Catastrophe as the Factory of the Future
My inner left nerd wants to spin this tale further now, wants to write about the failure of the biennio rosso in Italy (1919–20), which led Gramsci to his theory of hegemony, and how this most practical and therefore to me most useful of all Marxist theoreticians in the last years of his work didn't analyze the Italian present to develop forward-looking strategies, but rather the American future of "Fordism," which no one in Italy could yet experience at that time; about Mario Tronti, one of the leading theorists of Italian operaismo, who after the failure of the 1968 revolts started reading "Marx in Detroit" (then the center of the global auto industry)—so here again: understanding and critiquing capitalism, the present, from its most advanced point, in order to develop forward-looking strategies.
But I think we can agree that would go too far here, so back to the substantive core. Marxian theory always dealt with the future, that's where its strength lay: discussing the strategic possibilities implied, or opening up in the structures of the new world, possibilities that would need to be organised in the now. I propose that we dare to do the same for a world in collapse. Without utopian voluntarism, but with what Gramsci really meant when he spoke of "pessimism of the intellect and optimism of the will": not silly, religious hopium, but courageous strategic perspectives that create empowerment precisely because they're not based on bullshit but on a ruthlessly honest analysis of the future.

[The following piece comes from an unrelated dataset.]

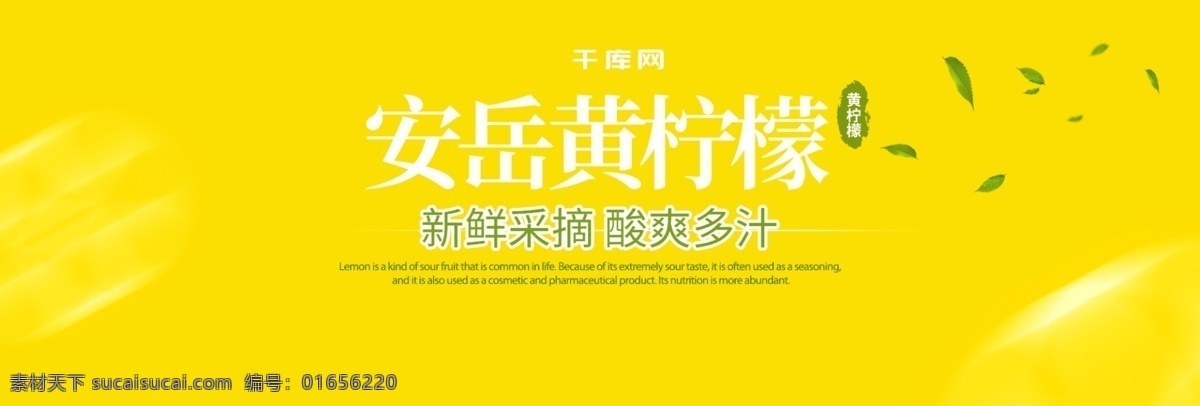 電商 淘寶 果蔬 生鮮 安岳 黃 檸檬 海報 果蔬生鮮 水果海報 檸檬海報 水果生鮮 安岳黃檸檬 檸檬水 檸檬茶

Which brings me back to the strategic line that I've been trying to develop on this blog since my own journey of discovery into our Swedish future (cf. the "Notes from the Future" texts from Sweden, autumn '23 (Öffnet in neuem Fenster)): that “catastrophe” is a strategic space we urgently need to occupy. Now I want to go a step further: starting from Marx's insight into the future strategic centrality of the factory in emerging industrial capitalism, I propose that we view "catastrophe" as the central location of the future in collapse. That we look at catastrophe as closely and in as much detail as Marx looked at the factory and Gramsci at Fordism: because that's where neww social relations can emerge, where the future will be produced. In collapse there will be more and more catastrophe, and these catastrophes will increasingly structure our societies—that is, influence them over the long-term.
No Strategy Without Simplification
To be sure, this proposal is grounded in the assumption, nowadays rejected by many of my Marxist comrades, that there is a place, a site in society that has a more strongly structuring effect (influence) on the rest of the system than other sites—that there is in a certain sense a "center," a "base," more precisely: a place where it makes strategic sense to intervene, because from there leverage can be exerted on other places/nodes/units in the system. A place from which the world could be lifted off its hinges, to stay in the image.

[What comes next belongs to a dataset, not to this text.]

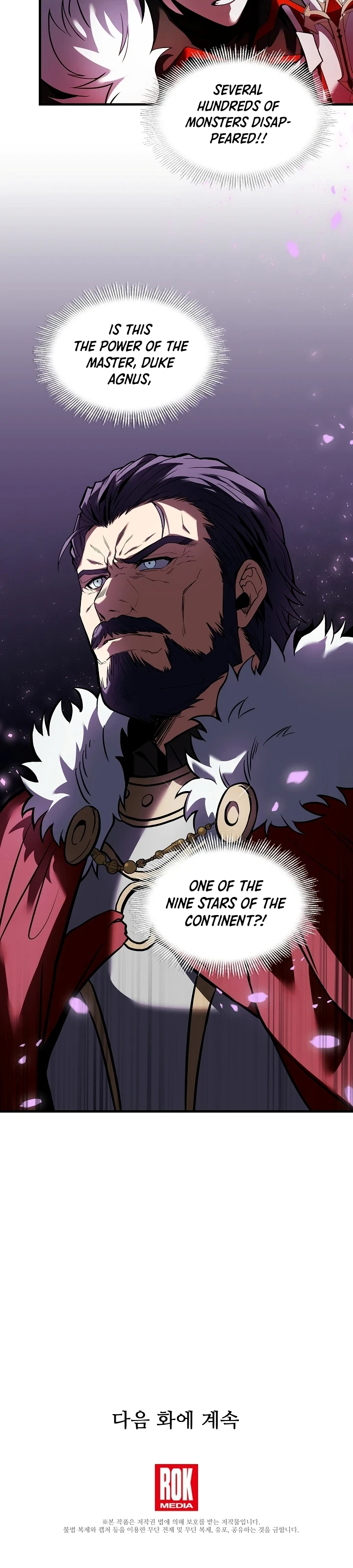 The Legendary Spearman Returns Chapter 18 — Page 11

To be sure, collapse has just as little institutional center as capitalism does, this one place doesn't exist, it itself is a myth, a bit of magical thinking. But: whoever wants to formulate and implement strategies cannot afford to get stuck with the enumeration-Marxism of today's left, which strings together more and more places where it would be worthwhile to intervene strategically, where it's worthwhile to invest limited resources to generate social leverage (which is really all I ever talk about). Whoever wants to formulate strategies must sharpen their focus and concentrate, even when that means not reflecting every detail of an ultra complex reality: no strategy without simplification.

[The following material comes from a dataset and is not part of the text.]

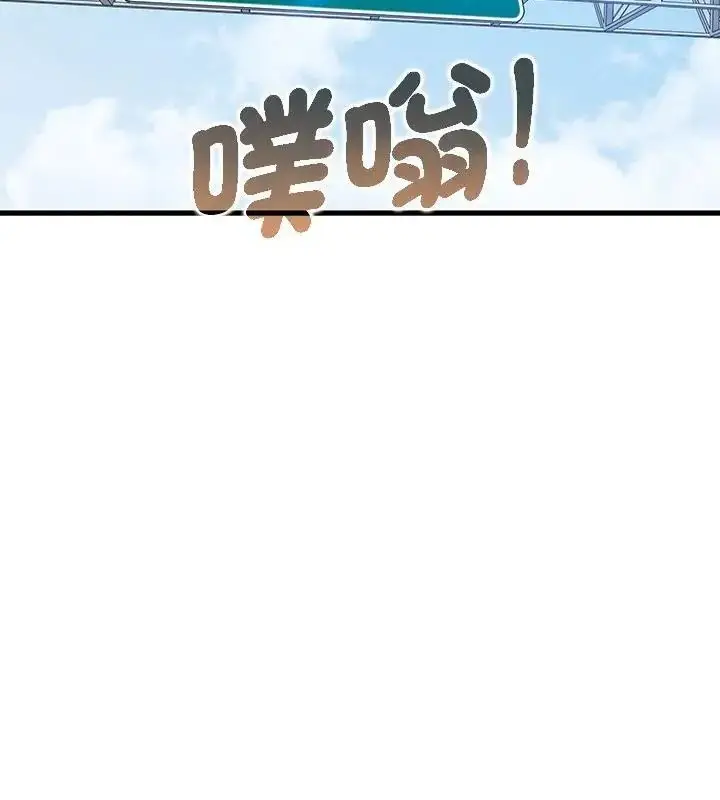 漫画《发小碰不得/强制催眠》第138话第112张图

And given what we know on the one hand about a future in collapse (More and more Catastrophes, until catastrophe becomes a permanent state), and on the other hand about how strongly catastrophes influence people and societies, I think it makes sense to concentrate intellectually and strategically on the moment of catastrophe. In this blog, in my political work, and also in the second book that I'll publish next year again with Mandelbaum Verlag. Working title: Solidaristic Collapse-Politics: United Against Fear.